Surging to success in Iraq

John Podhoretz:

IS the surge in Iraq working? Consider this plain, simple and overwhelmingly power ful fact: Hundreds and hundreds of Iraqis are alive today, on Oct. 2, who'd be dead by now if there had been no surge.

There were 1,975 Iraqi civilian fatalities in August. In September, the number fell to 922 - a drop of 53 percent.

How do we know this decline is due to the surge? We can't know for certain, of course. And there's a caveat: The fatality reduction in September is particularly dramatic because there was no attack last month to match the horrible slaughter of hundreds of members of the Yazidi sect in August.

That attack was actually an anomaly, as it was a strike against a small subgroup of Kurds who live in a long-pacified area where there is no sectarian strife between Sunnis and Shiites and no al Qaeda activity.

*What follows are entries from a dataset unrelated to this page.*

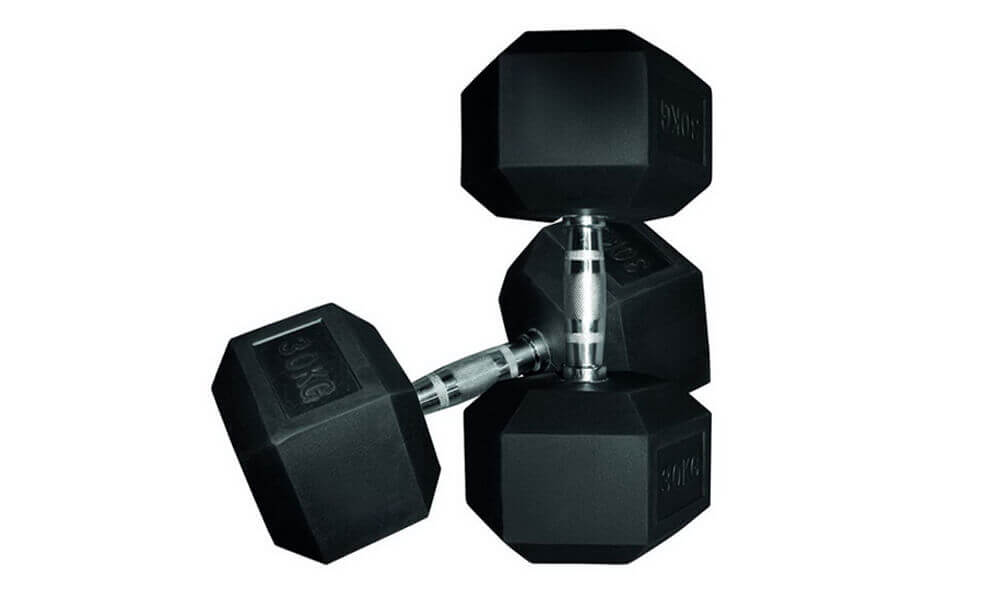 Rubber Coated Hex Dumbbells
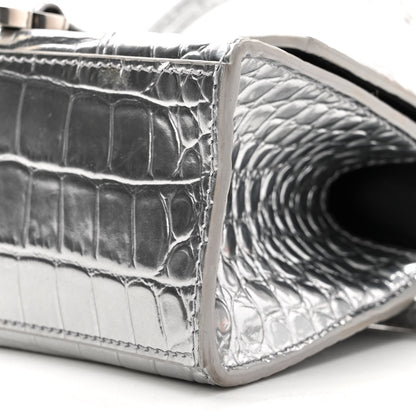 Balenciaga Metallic Calfskin Crocodile Embossed Hourglass Top Handle Bag XS Silver 9 of 9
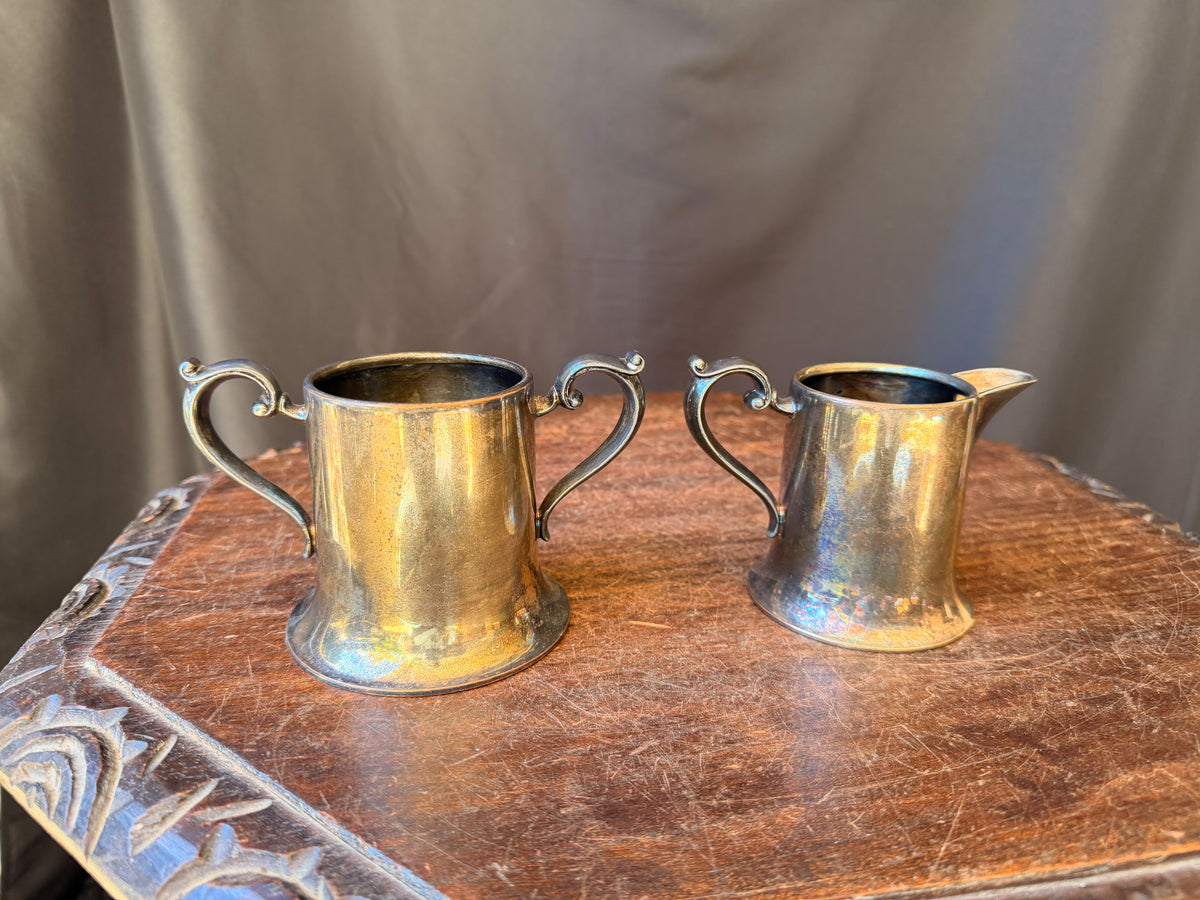 Vintage E.P.C. Lynn Silver Plate Creamer & Two Handle Sugar Bowl Set Flared Base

There is very little American troop presence there, and the troop surge is entirely focused elsewhere.

So just for the sake of argument, let's remove the 350 Yazidi victims from the overall number of Iraqi fatalities in August. In that case, the drop in civilian casualties falls to 700 and the percentage decline falls to around 40 percent.

That's still a stunning change for the better - though we should keep our perspective and note that this just brings the level of violence against civilians to levels we last saw in early 2006. Everybody thought we were losing the war with those kinds of casualty numbers, so it doesn't make sense to claim that we're winning now that we've returned to these depressing statistics.

But what we are seeing is the effectiveness of the surge - which was the combination of a substantial jump in the number of U.S. troops and a change in strategy that has American forces staying in cleared neighborhoods rather than returning to barracks and bases.

What happened in September is exactly what the surge was intended to accomplish. It was designed to achieve a lessening of the violence among Iraqis and an increase in security in Baghdad and neighboring areas so that the three Iraqi ethno-religious populations would have the space to achieve the political progress and reconciliation they have failed at so far.

...

Just as this strategy is starting to show signs of progress the Washington Post says that most Americans want to return to the old failed policy of the past. I suspect poll bias. It is hard to believe that the majority of Americans could be that wrong. The same poll showed that a majority also favored the Democrats ridiculous health care expansion. If the poll is accurate, that is a bad sign for America.

Update: Jim Gerahty takes a closer look at the numbers in the Washington Post poll and finds they something quite different from the headline and the story. Only a minority of those polls, 43 percent, want to pull out faster than Gen. Petraeus has recommended. The polls shows that 52 percent want the same pace as recommended by Gen. Petraeus or slower.